For the participant to maintain high accuracy, it is advantageous for them to encode as many items as possible during the sequential condition. Thus, the differences in task demands may increase the like strategy used seem to be the cause of the differences seen in both the neural and behavioral data. In the behavioral data, we see patterns of results consistent with the use of two different encoding strategies. In the simultaneous condition, accuracy falls off in a linear fashion, where performance accuracy falls with the reporting of each additional item. Additionally, note that the accuracy for the first two items is fairly high but falls off significantly for the second two items. This is consistent with a strategy in which the participant remembers as many items as they can accurately recall. For example, a participant might only remember two or three items regardless of their position. Alternatively, in the sequential condition, accuracy is relatively high for the first item recalled, but lower for the last three items. Importantly, the accuracy for the last three items is almost identical. This is constant with a strategy in which the participant must try to remember all the items present. For example, because the participant does not know which items they will be probed on, they must try to remember all items equally. In the neural data, a similar pattern is found. If one assumes that during the sequential condition participants are attempting to remember all items instead of a subset of items, one would expect greater activity in the sequential compared to the simultaneous condition, which is seen in both the evoked and induced power analyses.

Importantly, one potential confound can emerge when examining the induced power as a function of “good” and “bad” trials, particularly in the simultaneous recall condition. For example, during the simultaneous condition, participants might encode two items strongly and two items weakly. These participants may use a strategy in which they report the weakly encoded items first to stave off forgetting. As a result, the participants may then forget the two remaining items that were initially strongly encoded. This may lead to the case in which, during the induced power analysis, trials may be sorted incorrectly as bad trials, despite the participant successfully encoding the first two items. This would then lead to a confound in the induced power analysis. The best way to correct for this potential confound would be to segment trials based on response order, and examine the frequency tags as a function of first, second, third, or fourth item recalled. However, this analysis cannot be conducted on the present dataset as there are few trials in which each specific frequency tagged item is chosen in each specific recall position (e.g., 3 Hz recalled first, second, third, or fourth).
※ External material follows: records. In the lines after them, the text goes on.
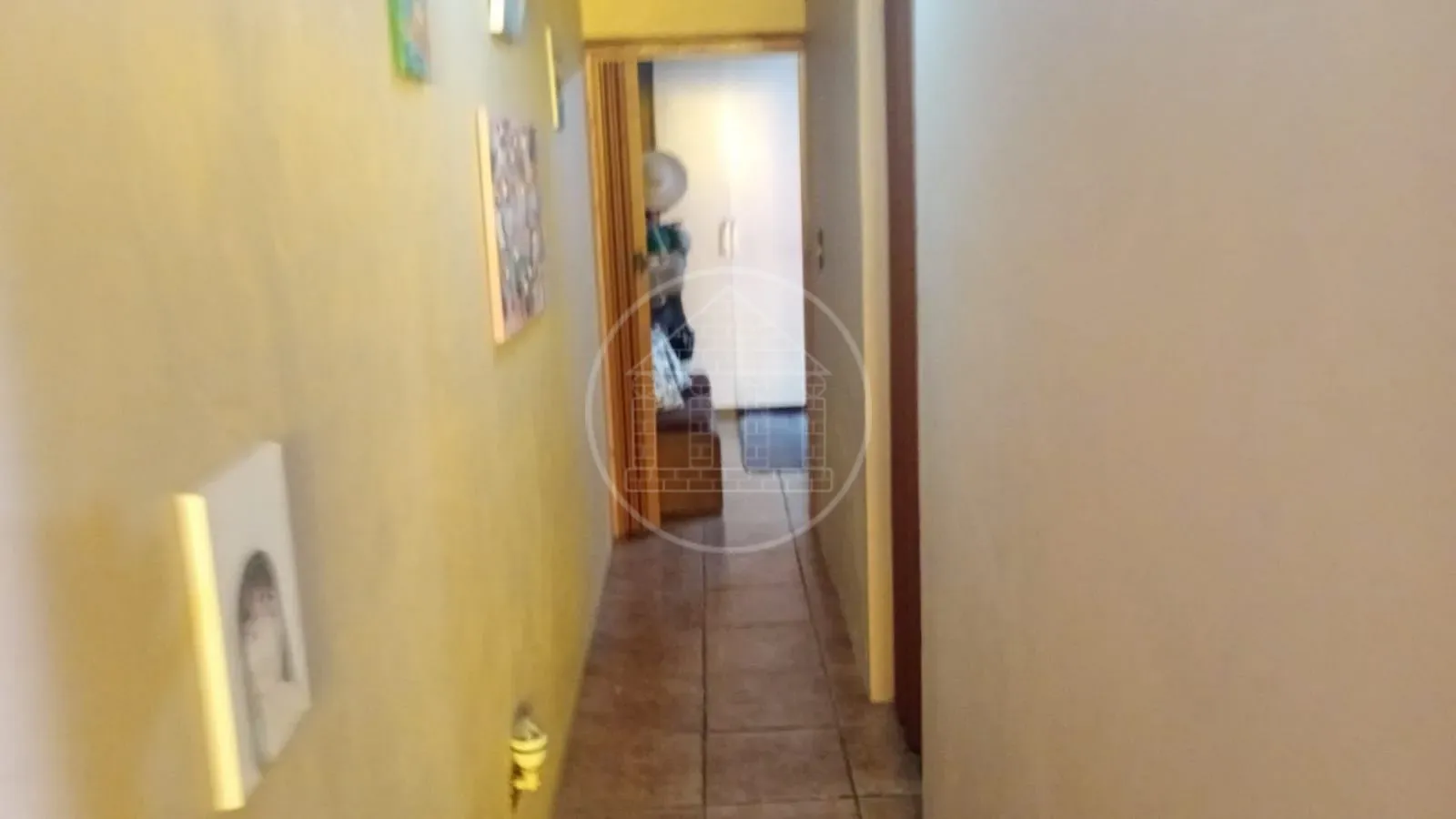 Sobrado, 6 quartos, 250 m² - Foto 58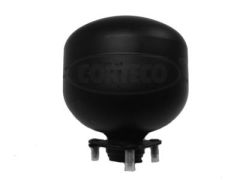 SUSPENSİON SPHERE. PNEUMATİC SUSPENSİON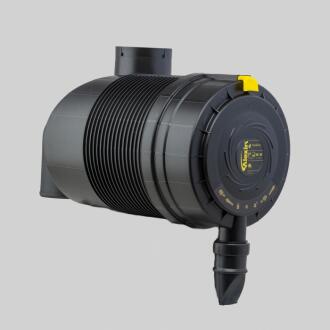 Воздушный фильтр DONALDSON G100317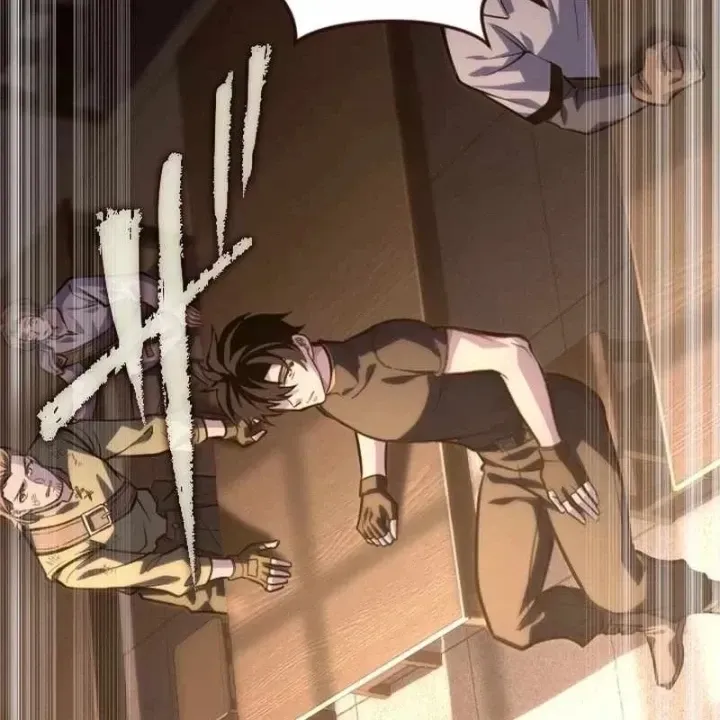 Chapter 19 - Trang 3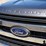 2021-ford-f250-xlt-image-11
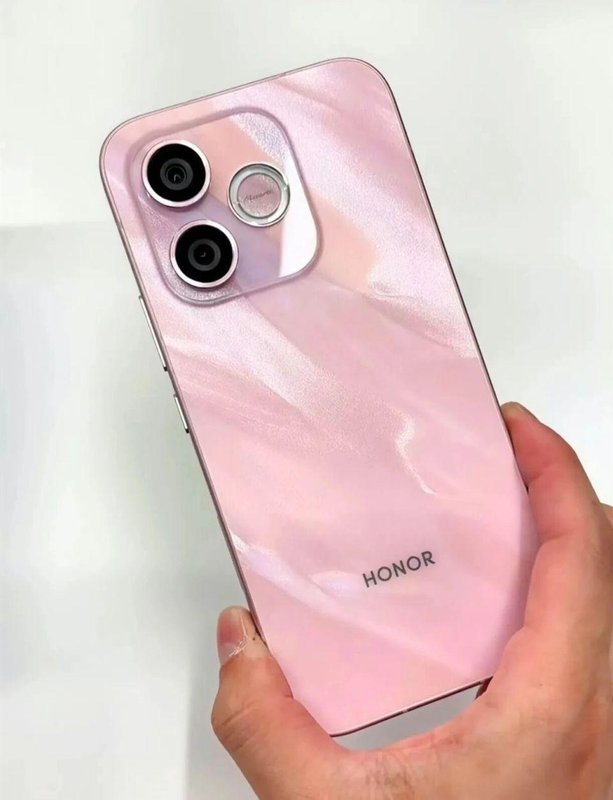  【深度拆解】荣耀X80i为何敢用金属中框？7000mAh续航实测数据来了 手机评测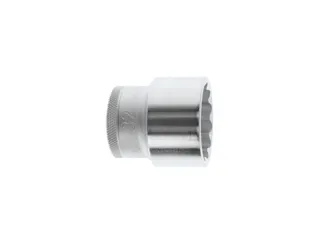 D 19 32 Steekbus 1/2 inch UD profiel 32mm - 5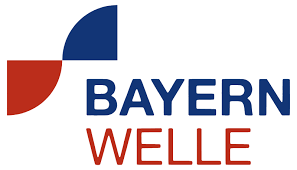 Bayernwelle Suedost - Radio station DE
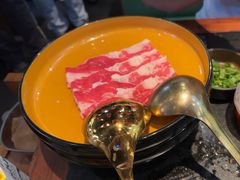 -牛New寿喜烧(闵行龙湖天街店)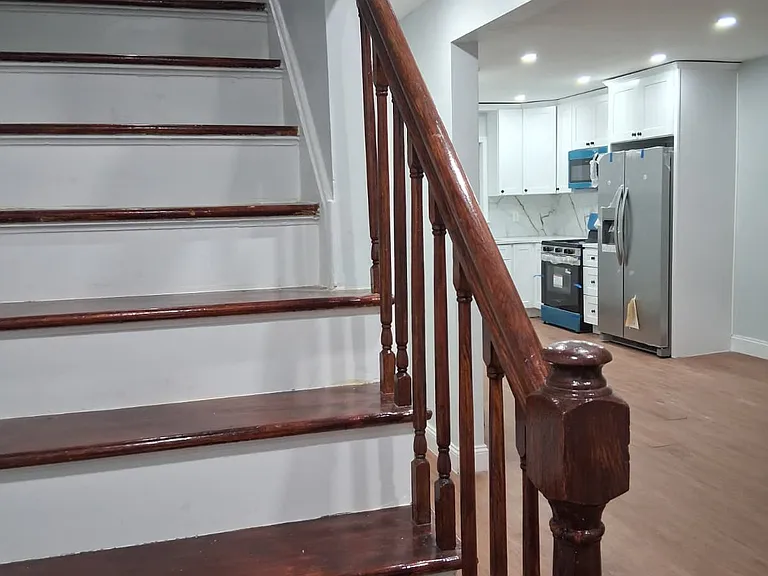 4160 Baychester Ave #3 — Photo 4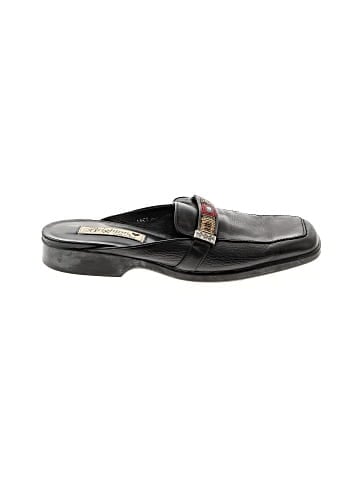 Brighton Mule/Clog (view 1)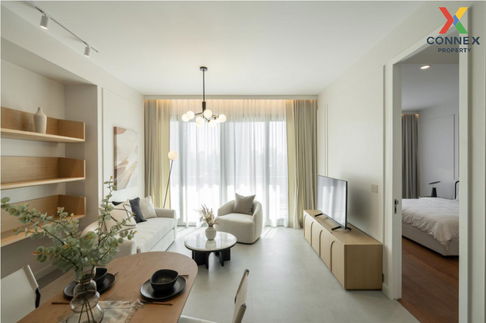🔥🔥🔥 For Rent Condo , 185 Rajadamri , nice view , high floor , wide frontage , newly renovated , BTS-Ratchadamri , Lumpini , Pathum Wan , Bangkok , CX-124481 ✅ Live chat with us ADD LINE @connexproperty ✅ 🔥🔥🔥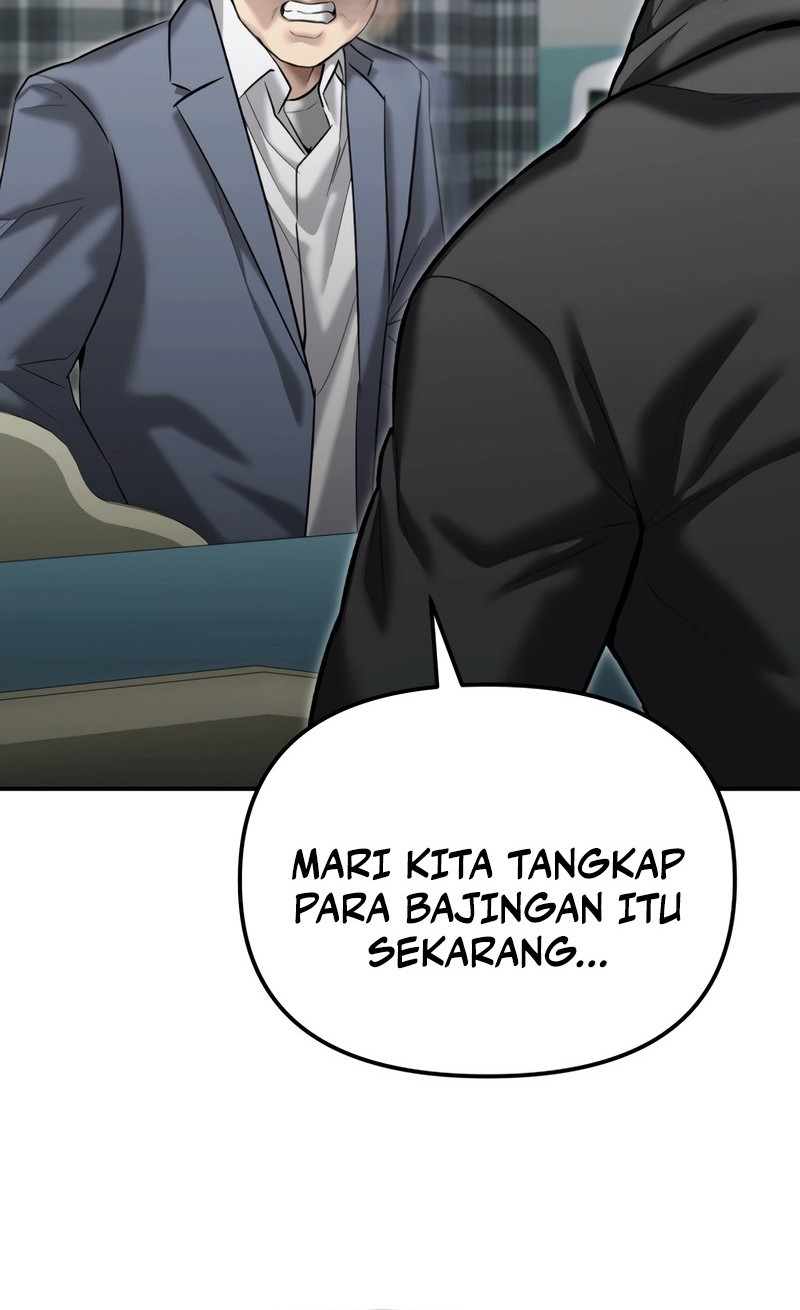 Halaman 167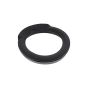 Sealing Ring for Hatz 3L40, 4L40 Engine - OEM No. 03594001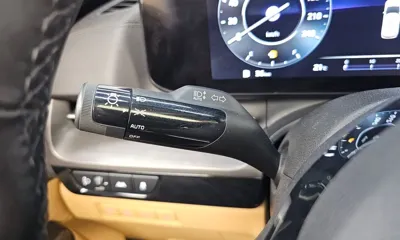 Kia Canival 2023, 77092 км, за 23900000 KRW - фото 20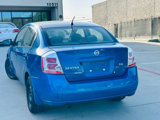 Used 2007 Nissan Sentra 2.0 w/ Anti-Lock Brake Pkg image 6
For example, trials must be segmented not only into groups based on frequency, but also further segmented into subgroups for each of four recall positions. In other words, each group used in the evoked analysis must be further broken down into four more groups, which leaves only around five trials in each group. More work is needed in the future in order to investigate this potential encoding strategy. These results should be considered for future research when interpreting effects of WM during maintenance. In combination, the insights provided by temporally sensitive evoked and induced EEG analyses are important in understanding the mechanism of VWM encoding and VWM in general.

In closing, we built upon past findings showing that encoding related activity contributes to WM capacity limitations (Gurariy et al., 2016; Peterson et al., 2014). Here, we show that within a given trial, frequency tags are larger for correctly recalled items than for incorrectly recalled items. This suggests that encoding related resources are allocated in a heterogeneous fashion across stimuli. Those stimuli that receive more resources are more likely to be later remembered. Furthermore, our induced-power results show that encoding related processes are clearly influenced by task-specific retrieval demands. Taken together our results demonstrate an important and complex role for encoding-related processes in overall VWM performance.